### REQUIRED WORK
The answer should consist of the full listing below, repeated exactly and free of pictures.

### COLLECTED DATA

⟨

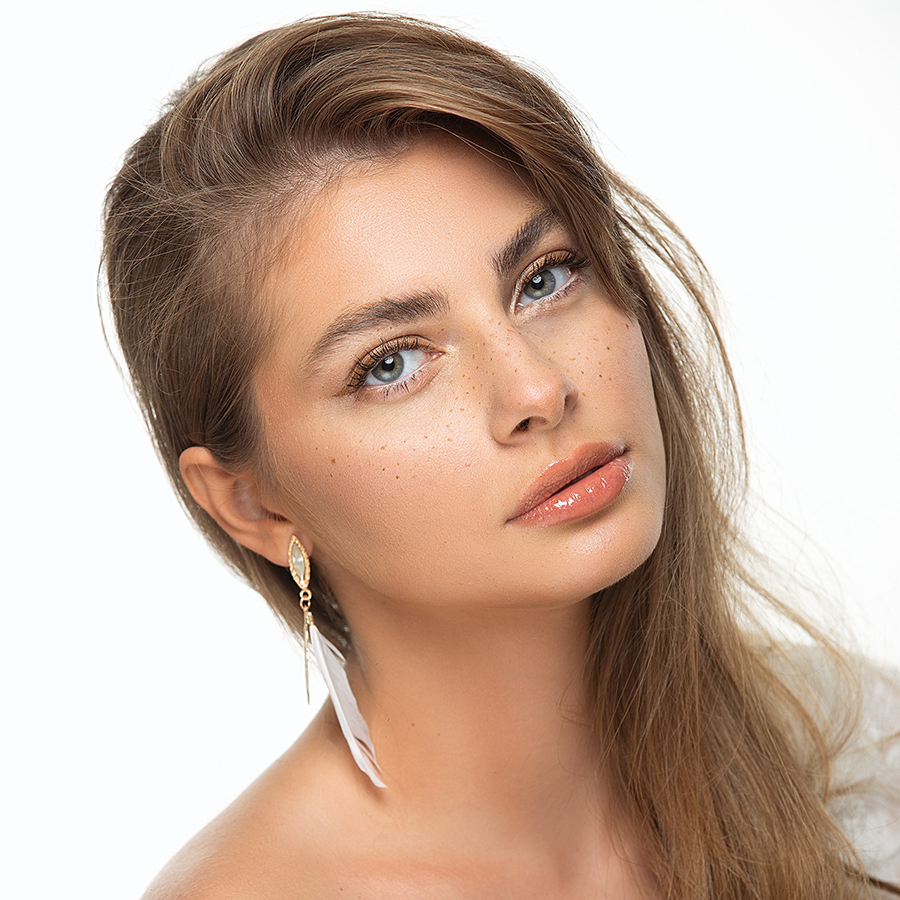 beautiful headshot of model, brown hair, grey eyes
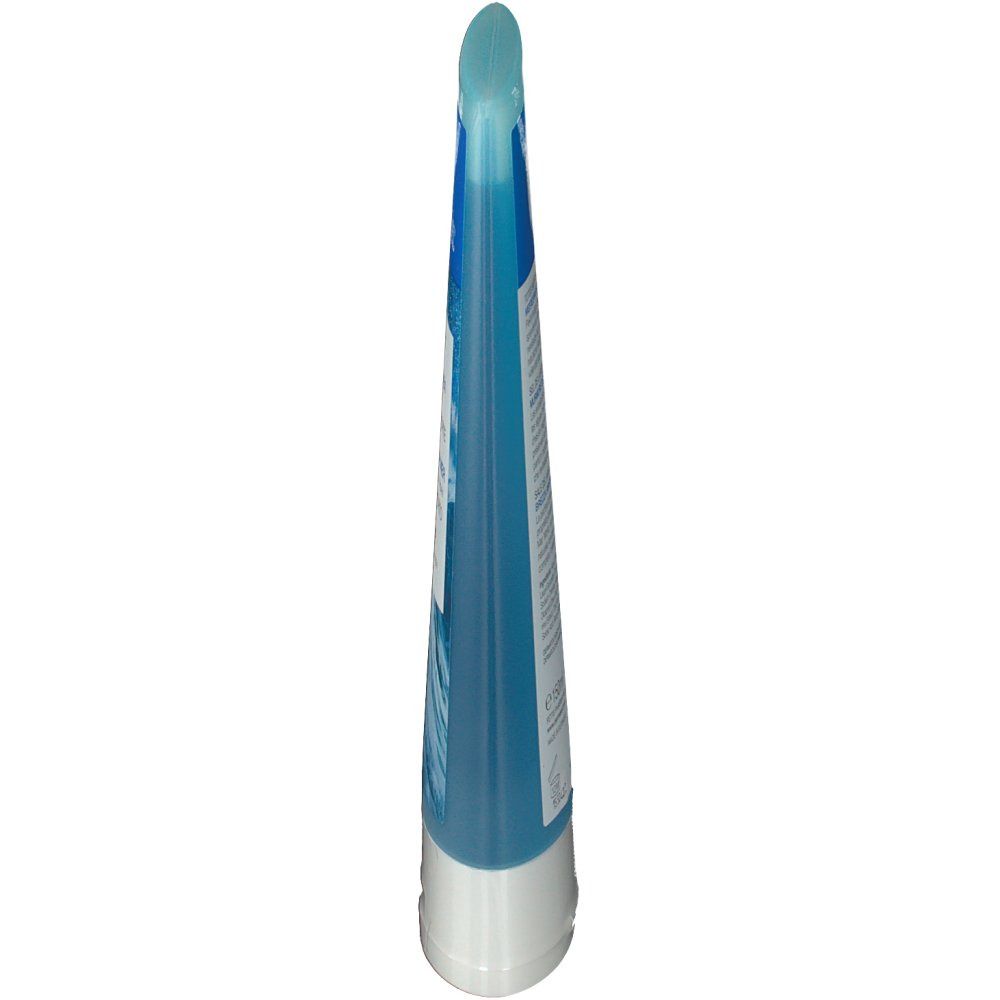 Schlanke, blaue Tube mit weißem Boden. Oben abgerundet. Vorderseite mit Wellenmuster.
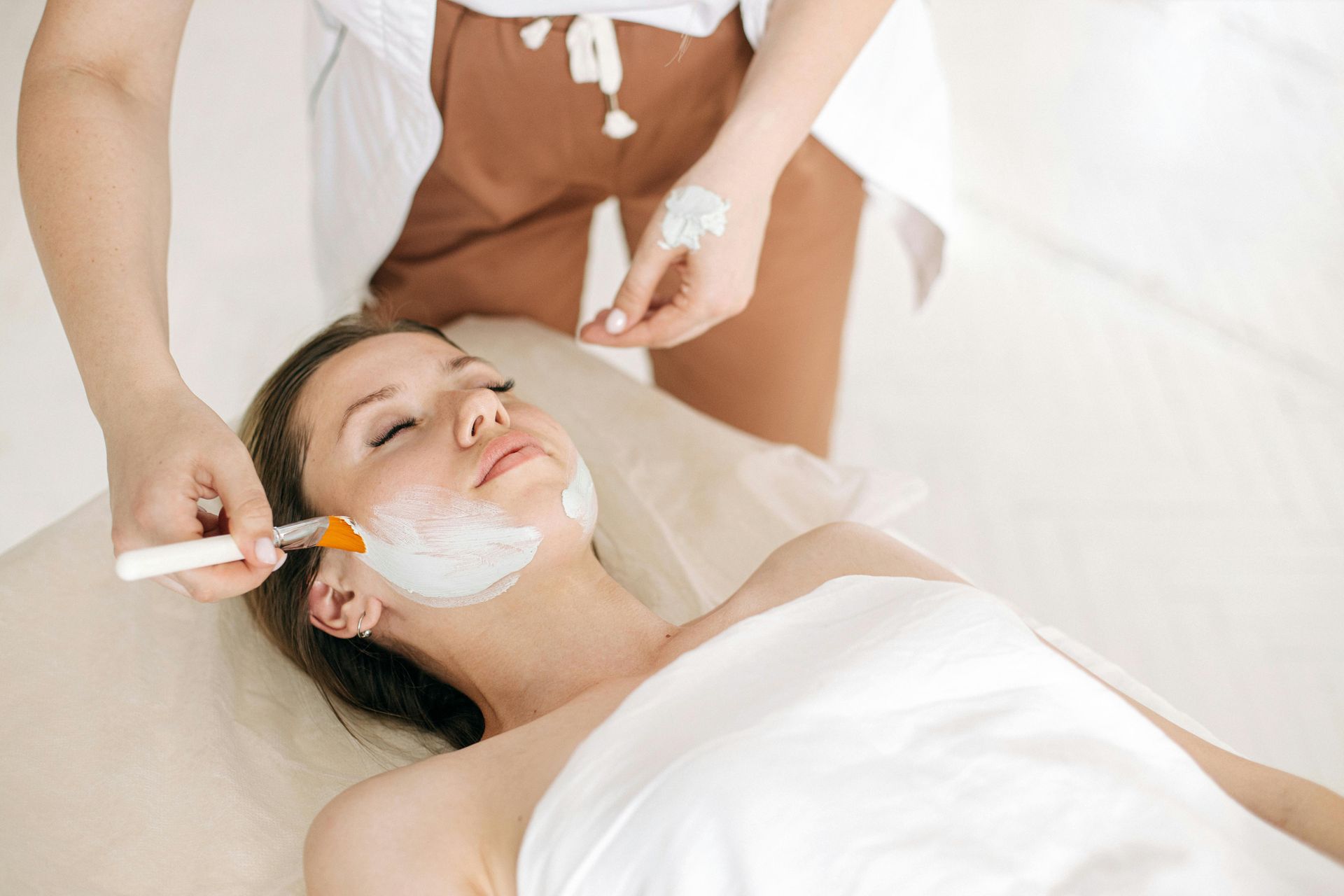 Woman receiving a facial treatment. A beautician applies a white mask to her face in a spa setting.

⟩

### WRITTEN RESPONSE
 beautiful headshot of model, brown hair, grey eyes
 Schlanke, blaue Tube mit weißem Boden. Oben abgerundet. Vorderseite mit Wellenmuster.
 Woman receiving a facial treatment. A beautician applies a white mask to her face in a spa setting.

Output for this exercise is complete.